Some 7 percent of the polled singled out Snoras as the most trusted bank among Lithuania's credit institutions. Some 3 percent favoured Ukio Bankas, 1 percent - Siauliu Bankas. The remaining 12 percent of respondents could not single out any Lithuania's bank as the most trustworthy commercial banking institution.
The respondents in favour of Hansabankas mentioned attention to customers as the key reason of trust in the bank. Some 20 percent of respondents pledged affiance with the bank, which had the majority of their relatives and friends among its customers. Further 8 percent favoured e-banking services and modern approach to banking, developed by the bank.
Lithuania's economy continues growing
Preliminary Lithuania's gross domestic product (GDP) grew by 7.9 percent in the first six months of 2003, in year-on-year terms (at constant prices of 2000). Earlier, the preliminary growth of 7.7 percent has been anticipated. In January-to-June period GDP accounted for LTL 25.723 billion in current prices; GDP per capita reached LTL 7,450.
In the second quarter of 2003 Lithuania's economy expanded by 6.7 percent, while in the first GDP soared by 9.3 percent.
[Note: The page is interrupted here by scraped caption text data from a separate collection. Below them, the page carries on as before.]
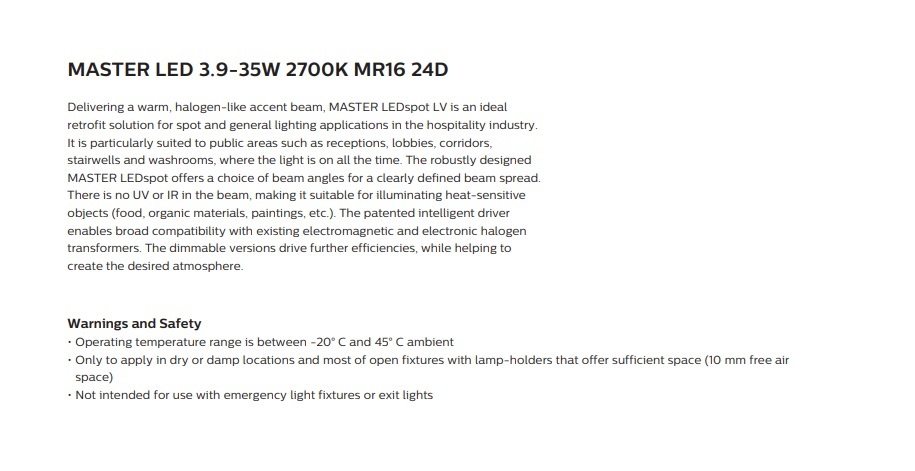 飛利浦 MASTER LED 3.9W 35W 927 MR16 24 光束角 不可調光 LED 燈
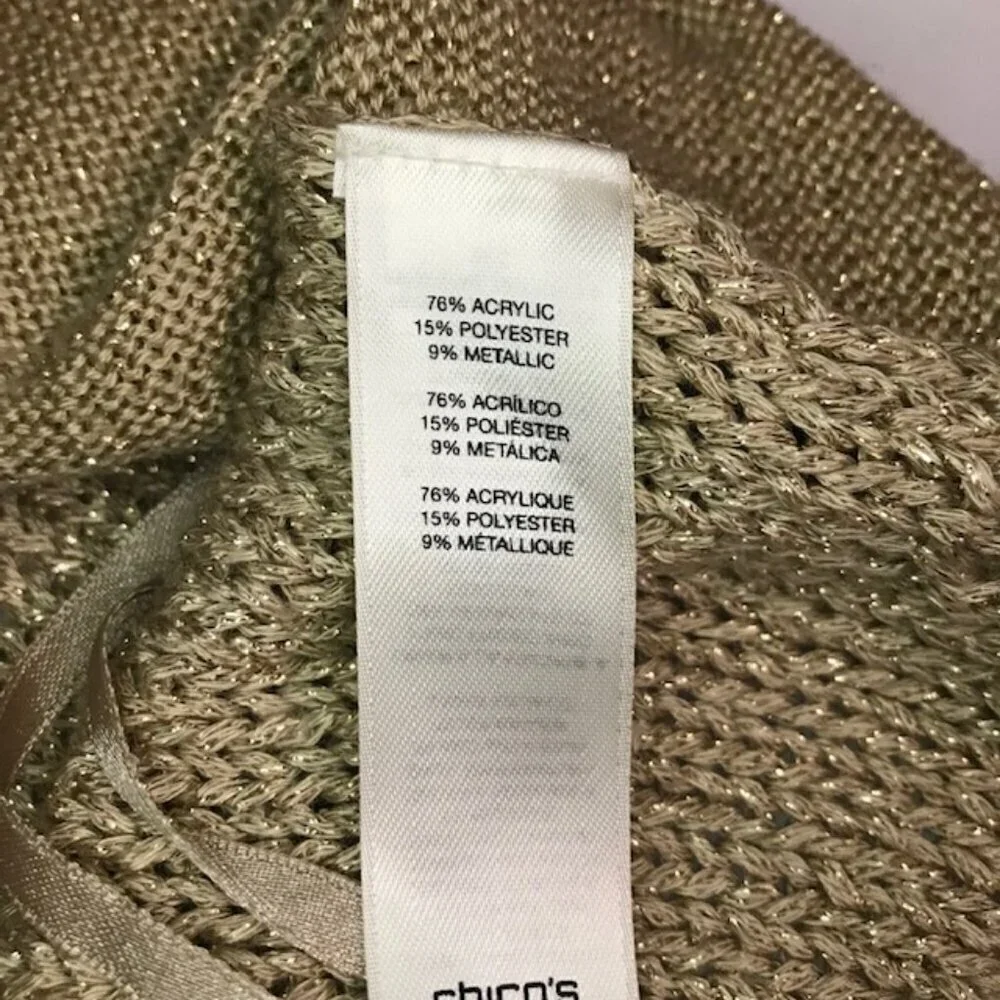 Women's Chico's Gold Open Knit V-Neck Long Sleeve Sweater Size 2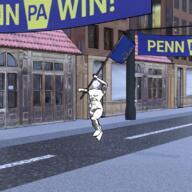3d animated banner ear flag flag:pennsylvania full_body holding_flag holding_object pennsylvania road running soyjak stubble text variant:impish_soyak_ears // 800x800 // 10.5MB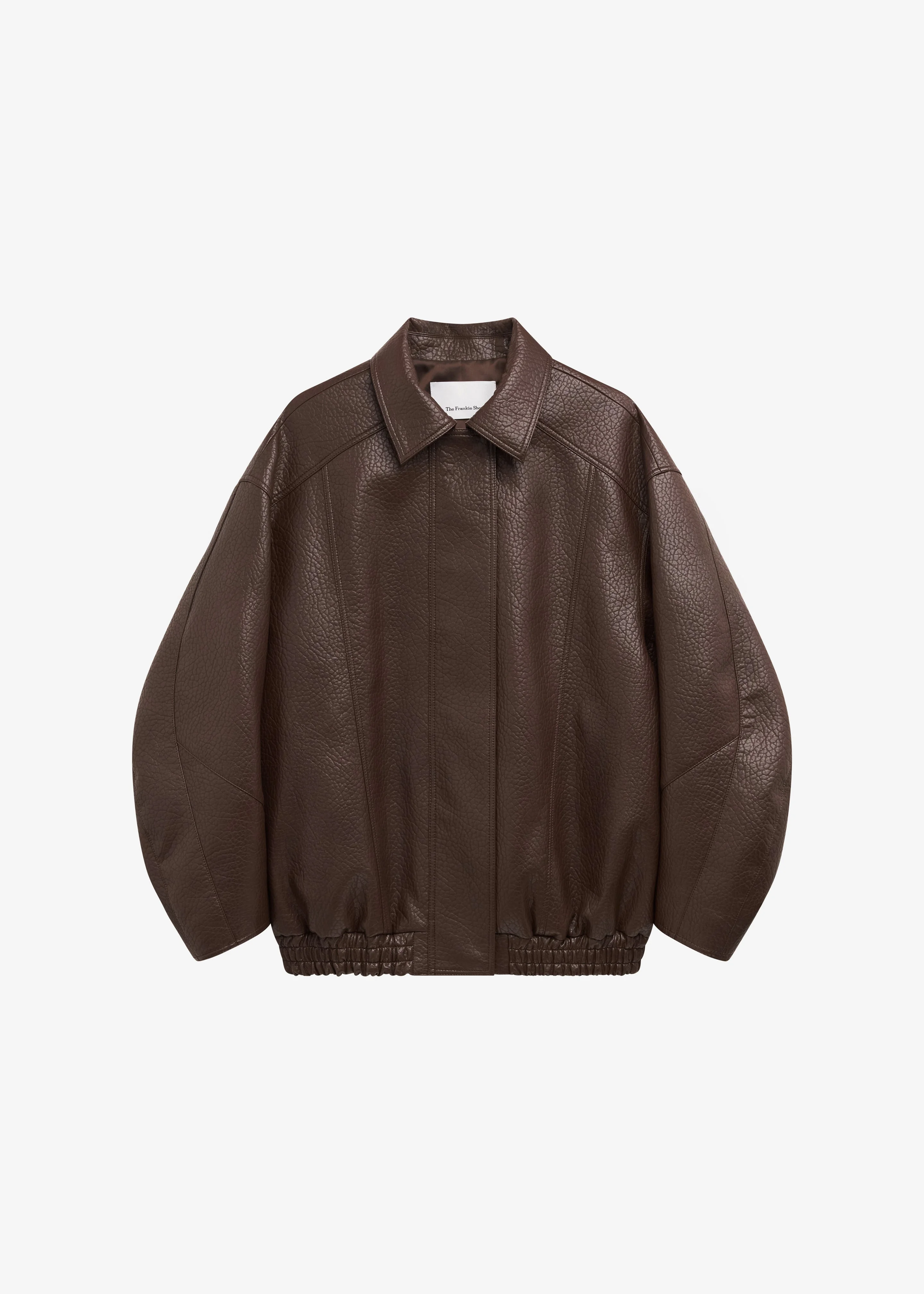 Prescott Grained Faux Leather Jacket - Brown - 1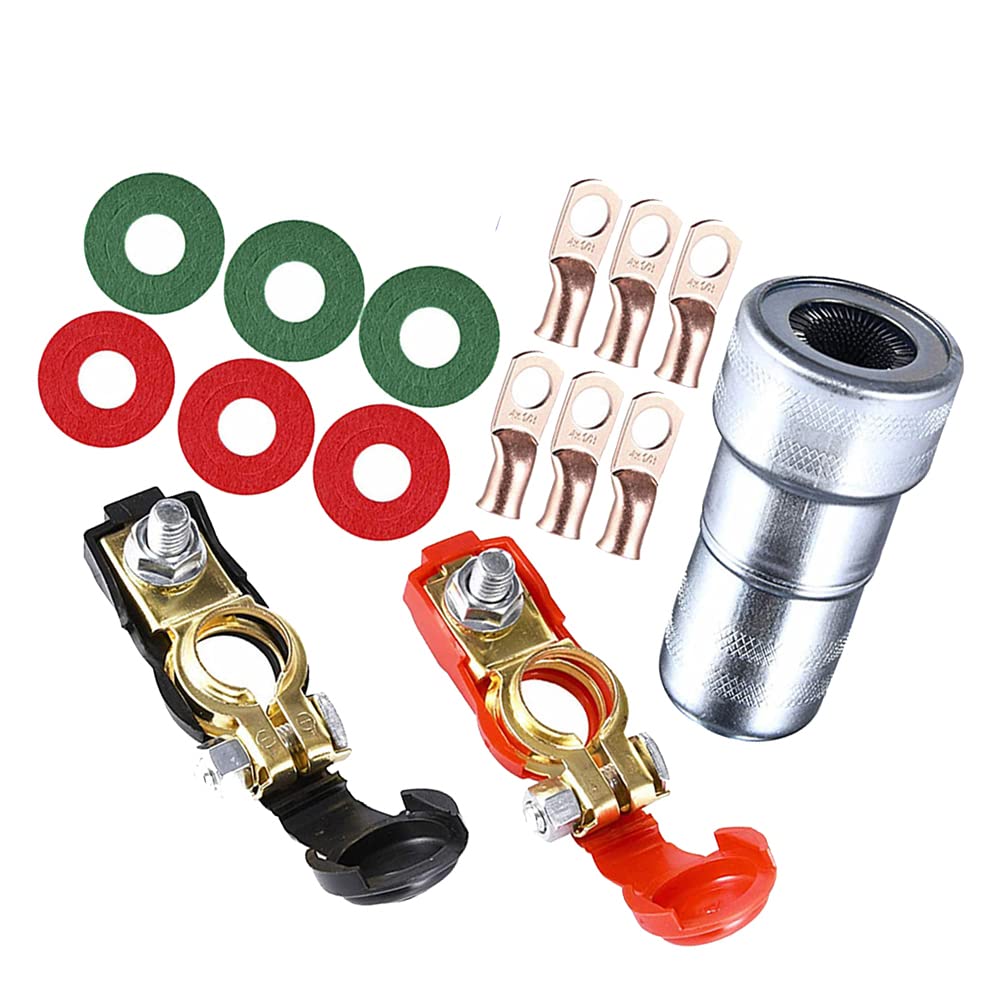 Pure Copper Battery Terminal Connectors - Car, Truck, Boat & RV Use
"A decline in prices was one of the key reasons behind the expansion of Lithuania's economy. Excluding the effect of prices, the real growth of the economy reached 5.5 percent. That is why people do not see any improvements in their financial situation despite the announcements of spectacular growth of economy", the finance analyst Margarita Starkeviciute said.
The ministry of finance has pegged Lithuania's growth to 6.8 percent in 2003 and 6.2 percent in 2004. Meanwhile, the International Monetary Fund (IMF) predicts that Lithuania's economy will grow by 5.8 percent this year and 6.2 percent next year.
(Lietuvos Rytas, Verslo Zinios)
Lithuania's industry grows faster than Estonia's
In January-August, Lithuanian industrial sales grew faster if compared to Estonia.
Lithuania's industrial sales rose by 14.5 percent in the first eight months of 2003, over the same period of 2002. Meanwhile, in Estonia, the growth made 9.9 percent. In August 2003 versus August 2002 industrial sales increased by 21.2 percent in Lithuania and 7.6 percent in Estonia.
Consumer prices rose by 2.7 and 0.2 percent in Latvia and Estonia respectively while in Lithuania they declined by 0.8 percent.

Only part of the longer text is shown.